▼

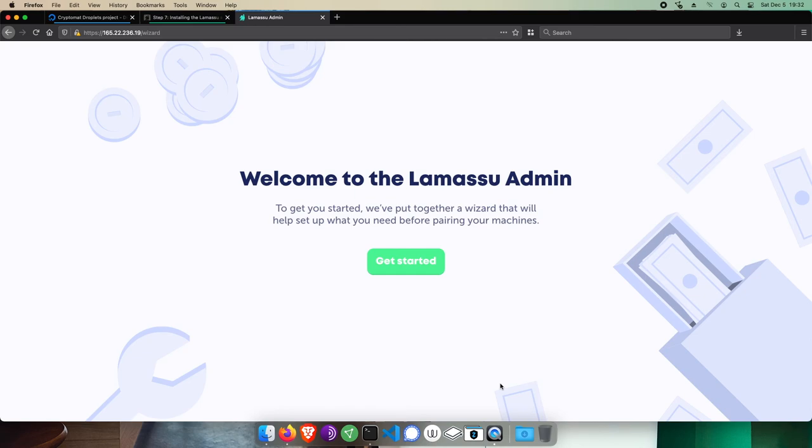Et voila! Your new LamaSue admin. Click Get Started to follow the wizard and configure everything to pair your LamaSue cryptomat. We'll be walking through all this in a following video. For now, Parabéns et à te brevi!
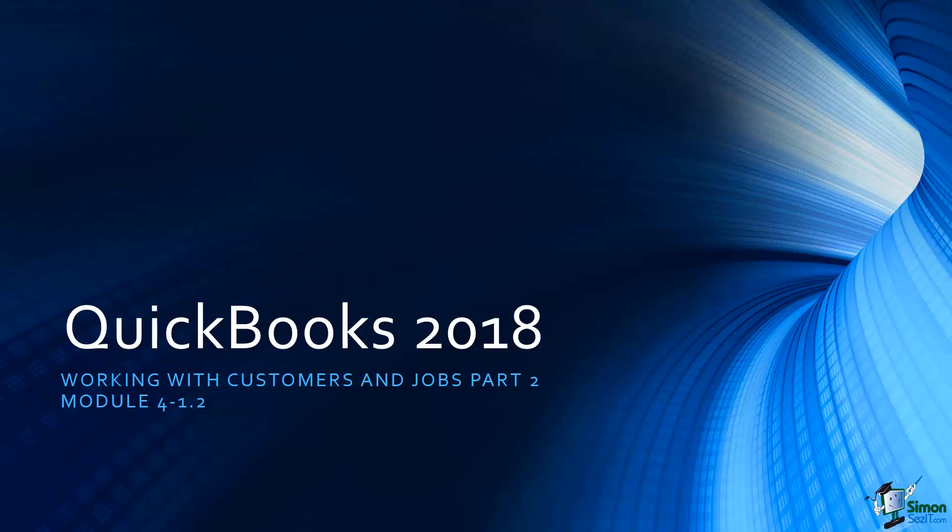Let's go ahead and finish up working with customers. We're working in Module 4 and this is going to be Section 1, Part 2. I want to show you how to set up a new customer and a new job.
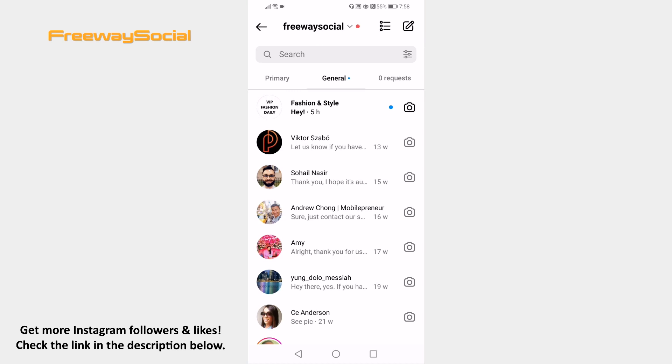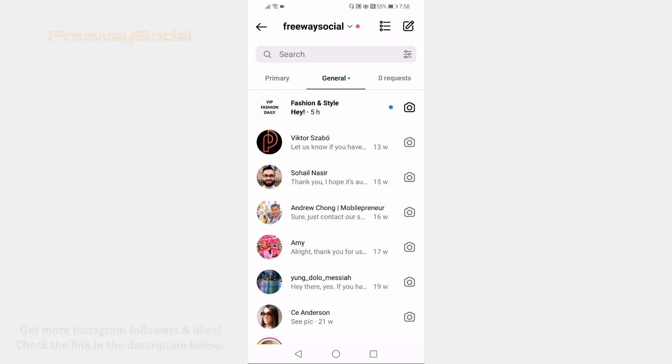That's it! I hope this guide was helpful and you are able to mark Instagram DMs as unread. Don't forget to like this video and visit us at FreewaySocial.com.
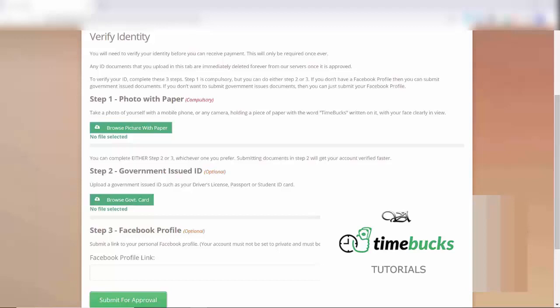They also mention that they will delete any ID documents that you upload immediately once your account is approved and verified. If you don't feel comfortable sharing a picture of your ID, then just set your Facebook page to public until they approve your account.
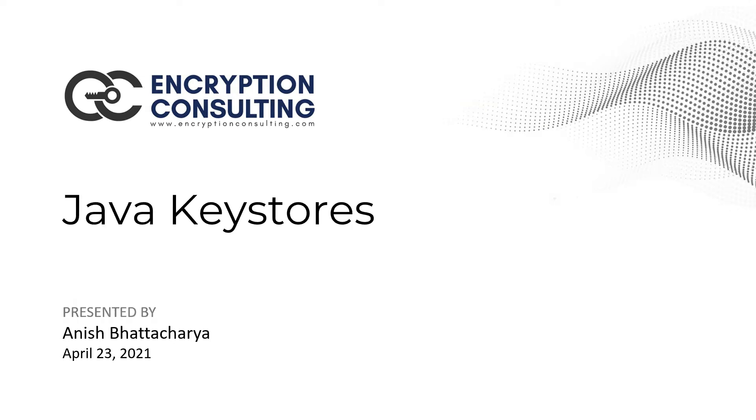Hello everyone, I am Anish Bhattacharya and I work as a consultant at Encryption Consulting.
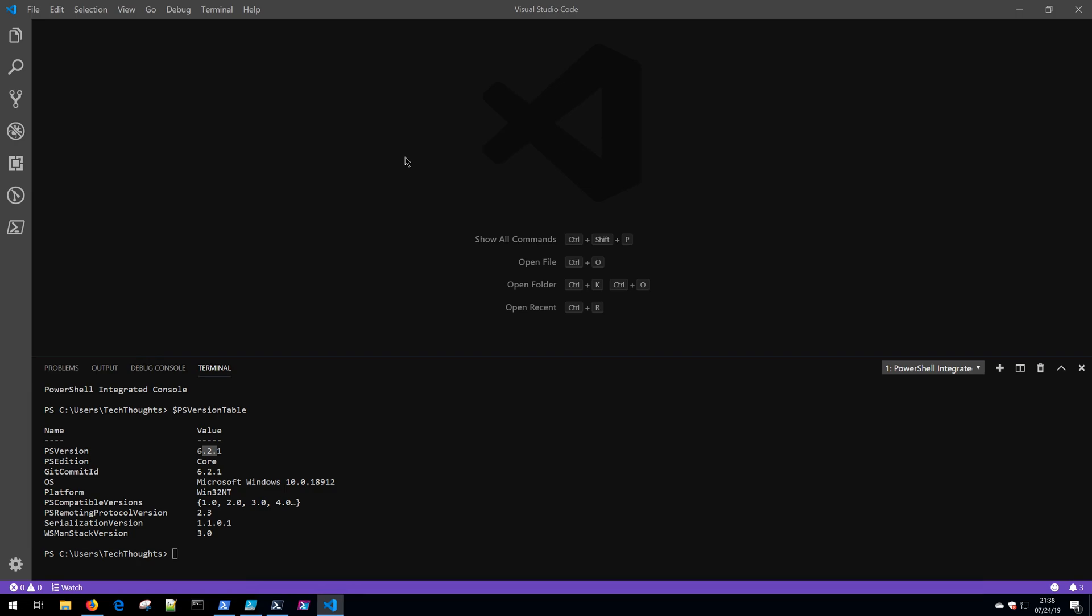In order to change the theme that Visual Studio Code is using, we need to interact with the command palette. The command palette can be displayed, as you see here on the screen, with Ctrl+Shift+P. If you're on Linux or Mac OS, your shortcut might be slightly different.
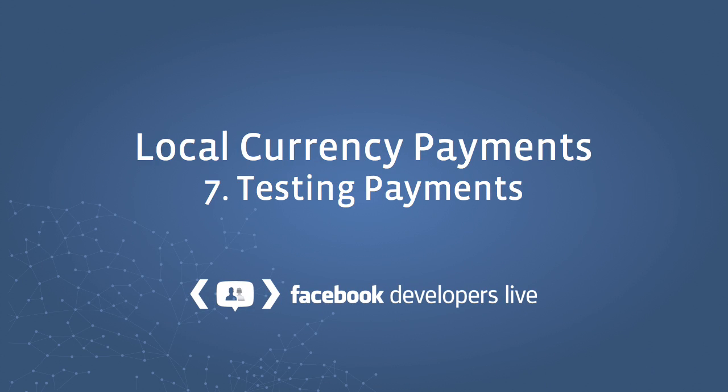Welcome. This video discusses testing your Facebook local currency payments implementation. When testing the user flow and order fulfillment sections of your payments implementation, detailed in parts three to six of this video series, it's natural you'll want to make test purchases as you iterate on the development of your solution.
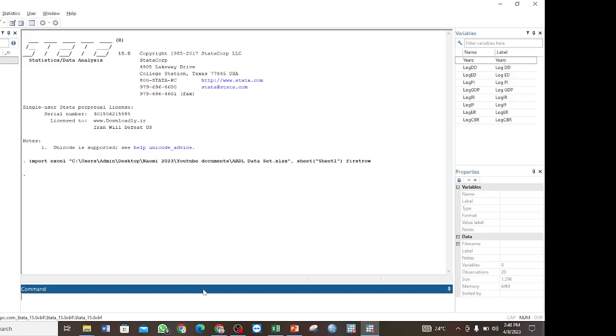Hello, welcome back to this channel. In this video I want to take you through the optimal lag selection for ARDL model in Stata.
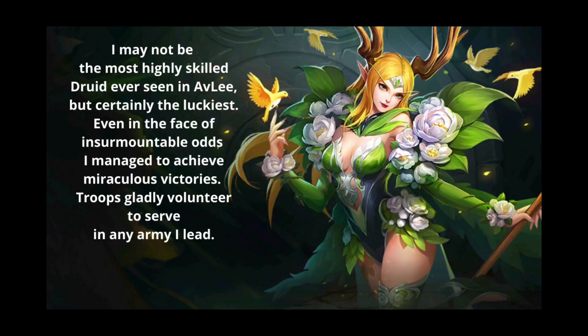I may not be the most highly skilled druid ever seen in Avali, but certainly the luckiest. Even in the face of insurmountable odds, I managed to achieve miraculous victories. Troops gladly volunteered to serve in an army I lead.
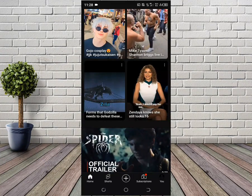The video will guide you step by step on how to view the transcript on Android or using your mobile phone.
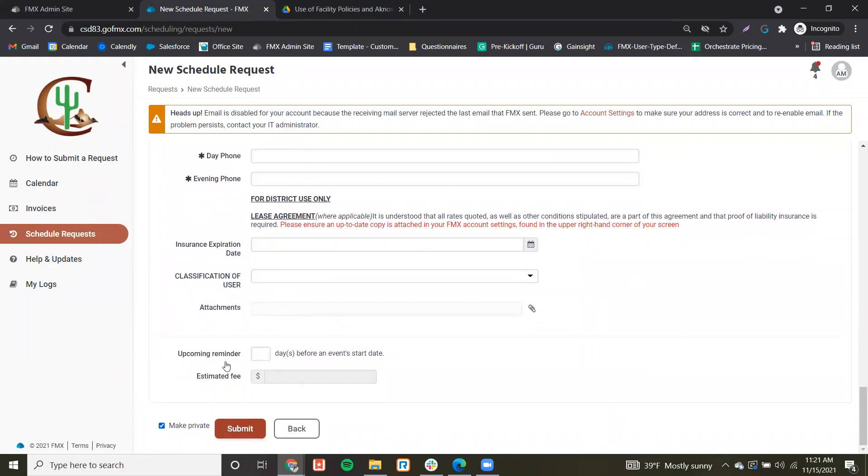You can come down, hit Submit, and your event will be submitted for approval.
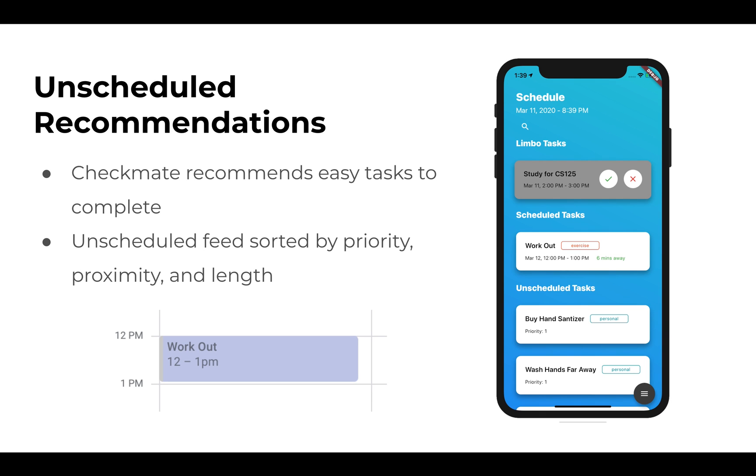Checkmate uses your previous data from prior tasks to personalize recommendations and provide easy tasks to complete next. It also contains an unscheduled feed sorted by multiple parameters including task priority, its proximity to your location, and the length of the task.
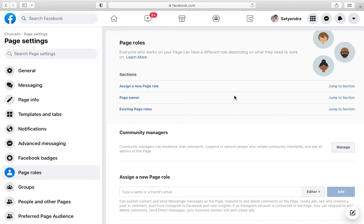And if you want a complete private Facebook page then this thing can be done by the Facebook group where you can make the Facebook group private and you can add as many members as you want.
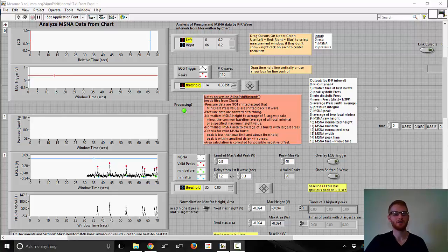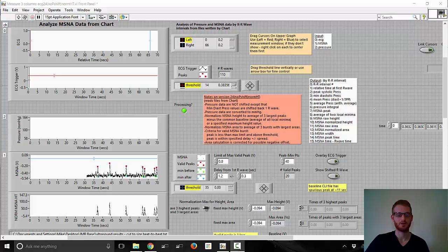I'm going to try to explain here how to do cardiac vagal baroreflex analysis as well as heart rate variability analysis.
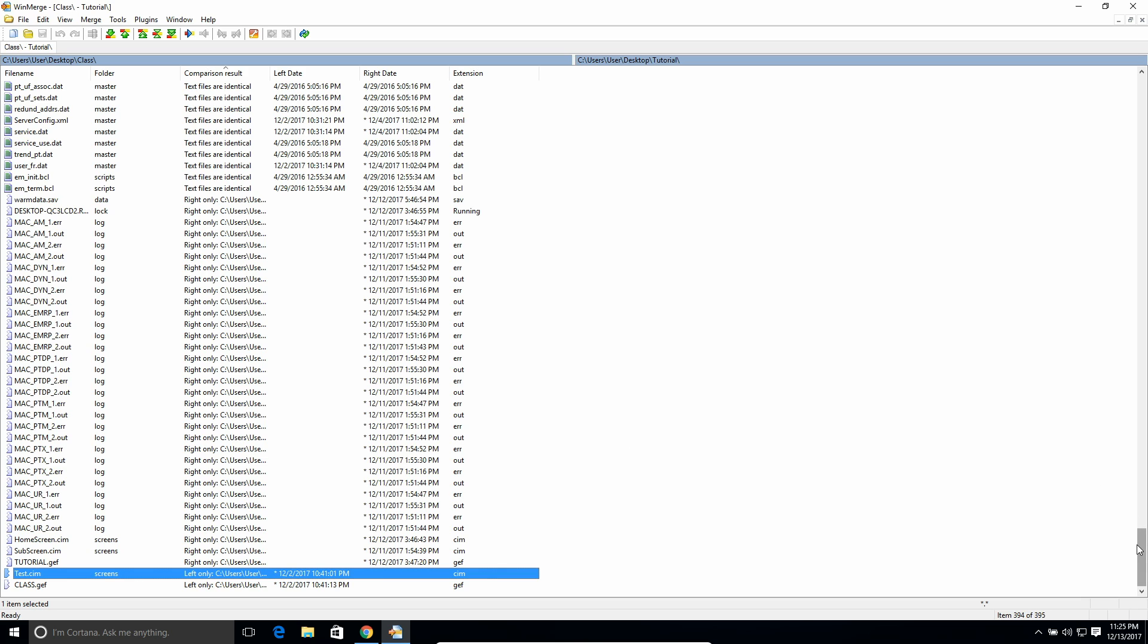So it can be super useful to just compare not only what the differences are, but what files exist and what don't. So that's how to compare files in Windows 10.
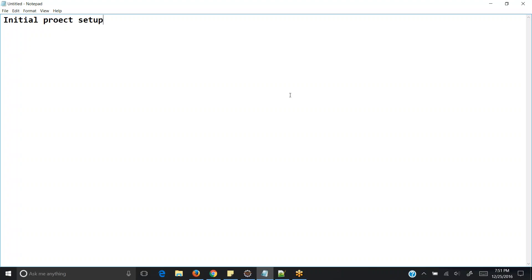The first important point to remember is that we are going to create a simple Java project — this is for our learning. The real-time project doesn't look like this; the real-time project is done using Maven, which we will learn in later sessions. But for learning Selenium commands we are going to create a simple Java project.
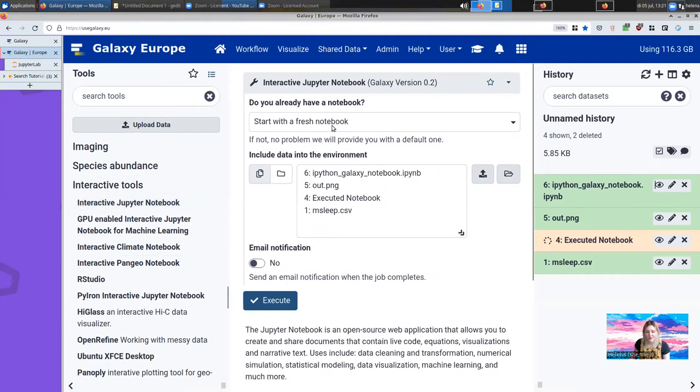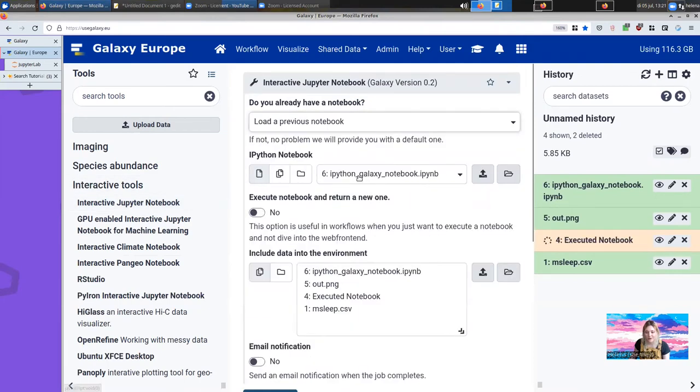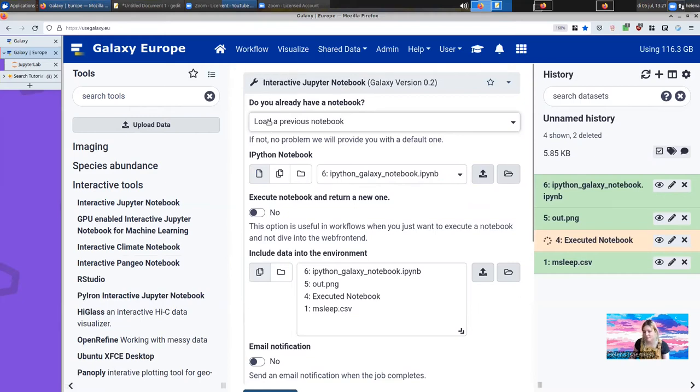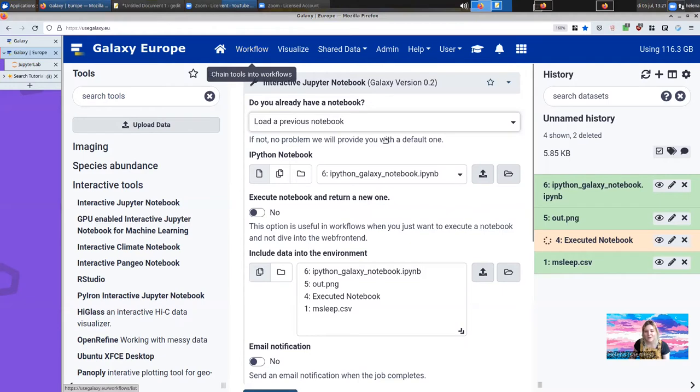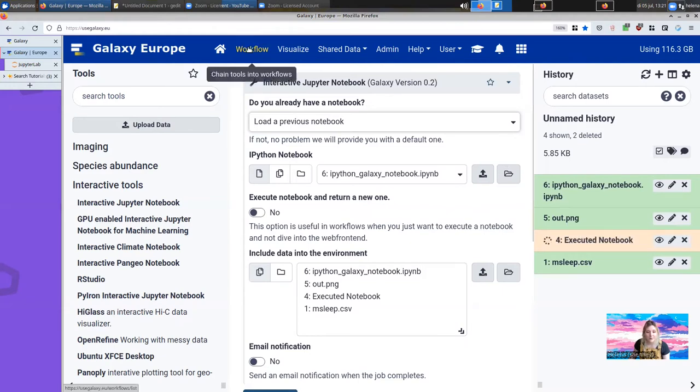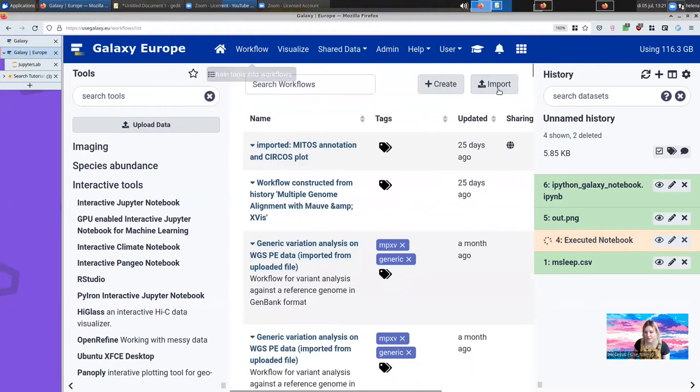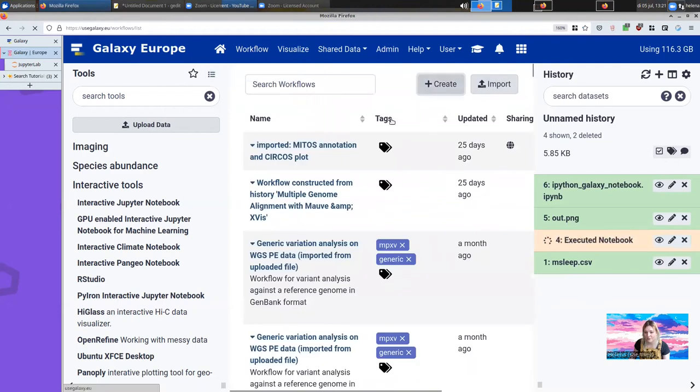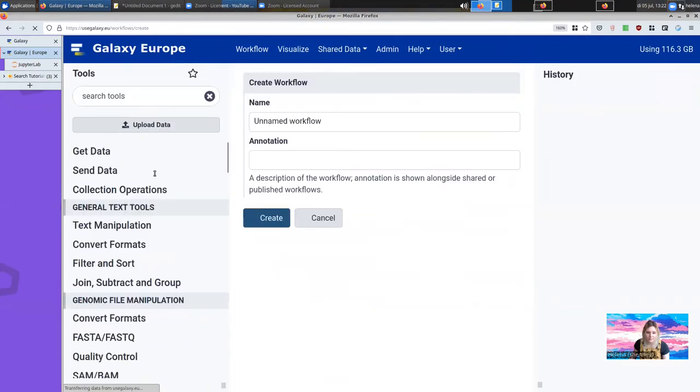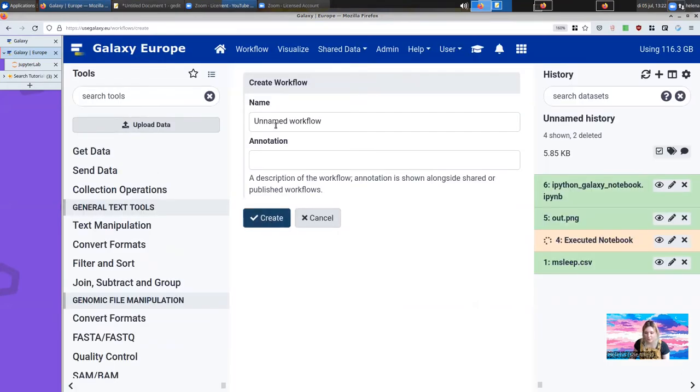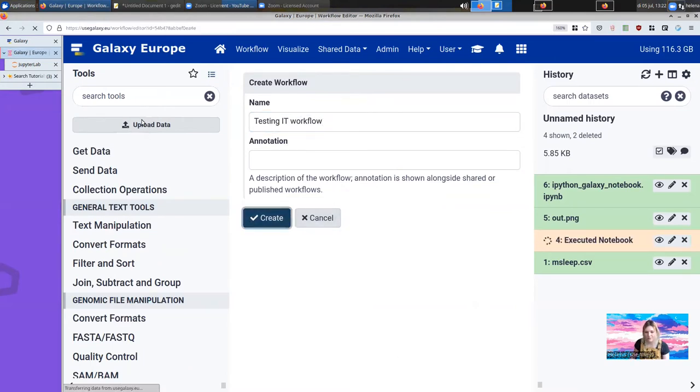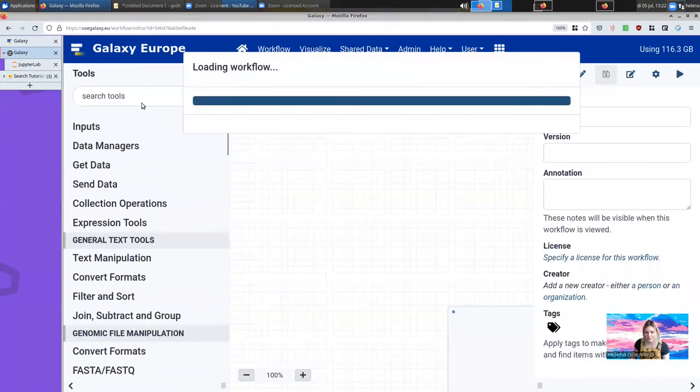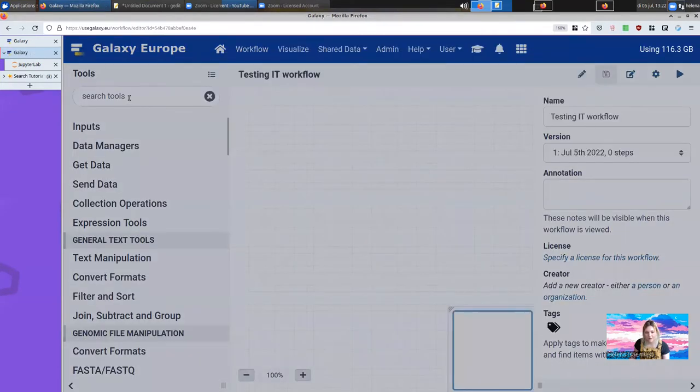Here we can select Load Previous Notebook instead, and it will load in all of the code that we were running before. One of the amazing new things about interactive tools, as opposed to the older version, one of the things that makes them so much better for researchers, is that you can use interactive tools inside a workflow as well. If you have a workflow, here we'll create a simple workflow from what we're doing right now. I'm going to call this Testing IT Workflow.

▲

ABOUT THIS EXERCISE — Word for word, return the records shown above without their pictures.

ANSWER TO THIS PROBLEM —
Et voila! Your new LamaSue admin. Click Get Started to follow the wizard and configure everything to pair your LamaSue cryptomat. We'll be walking through all this in a following video. For now, Parabéns et à te brevi!
Let's go ahead and finish up working with customers. We're working in Module 4 and this is going to be Section 1, Part 2. I want to show you how to set up a new customer and a new job.
That's it! I hope this guide was helpful and you are able to mark Instagram DMs as unread. Don't forget to like this video and visit us at FreewaySocial.com.
They also mention that they will delete any ID documents that you upload immediately once your account is approved and verified. If you don't feel comfortable sharing a picture of your ID, then just set your Facebook page to public until they approve your account.
Hello everyone, I am Anish Bhattacharya and I work as a consultant at Encryption Consulting.
In order to change the theme that Visual Studio Code is using, we need to interact with the command palette. The command palette can be displayed, as you see here on the screen, with Ctrl+Shift+P. If you're on Linux or Mac OS, your shortcut might be slightly different.
Welcome. This video discusses testing your Facebook local currency payments implementation. When testing the user flow and order fulfillment sections of your payments implementation, detailed in parts three to six of this video series, it's natural you'll want to make test purchases as you iterate on the development of your solution.
Hello, welcome back to this channel. In this video I want to take you through the optimal lag selection for ARDL model in Stata.
I may not be the most highly skilled druid ever seen in Avali, but certainly the luckiest. Even in the face of insurmountable odds, I managed to achieve miraculous victories. Troops gladly volunteered to serve in an army I lead.
The video will guide you step by step on how to view the transcript on Android or using your mobile phone.
You can come down, hit Submit, and your event will be submitted for approval.
Checkmate uses your previous data from prior tasks to personalize recommendations and provide easy tasks to complete next. It also contains an unscheduled feed sorted by multiple parameters including task priority, its proximity to your location, and the length of the task.
And if you want a complete private Facebook page then this thing can be done by the Facebook group where you can make the Facebook group private and you can add as many members as you want.
I'm going to try to explain here how to do cardiac vagal baroreflex analysis as well as heart rate variability analysis.
So it can be super useful to just compare not only what the differences are, but what files exist and what don't. So that's how to compare files in Windows 10.
The first important point to remember is that we are going to create a simple Java project — this is for our learning. The real-time project doesn't look like this; the real-time project is done using Maven, which we will learn in later sessions. But for learning Selenium commands we are going to create a simple Java project.
Here we can select Load Previous Notebook instead, and it will load in all of the code that we were running before. One of the amazing new things about interactive tools, as opposed to the older version, one of the things that makes them so much better for researchers, is that you can use interactive tools inside a workflow as well. If you have a workflow, here we'll create a simple workflow from what we're doing right now. I'm going to call this Testing IT Workflow.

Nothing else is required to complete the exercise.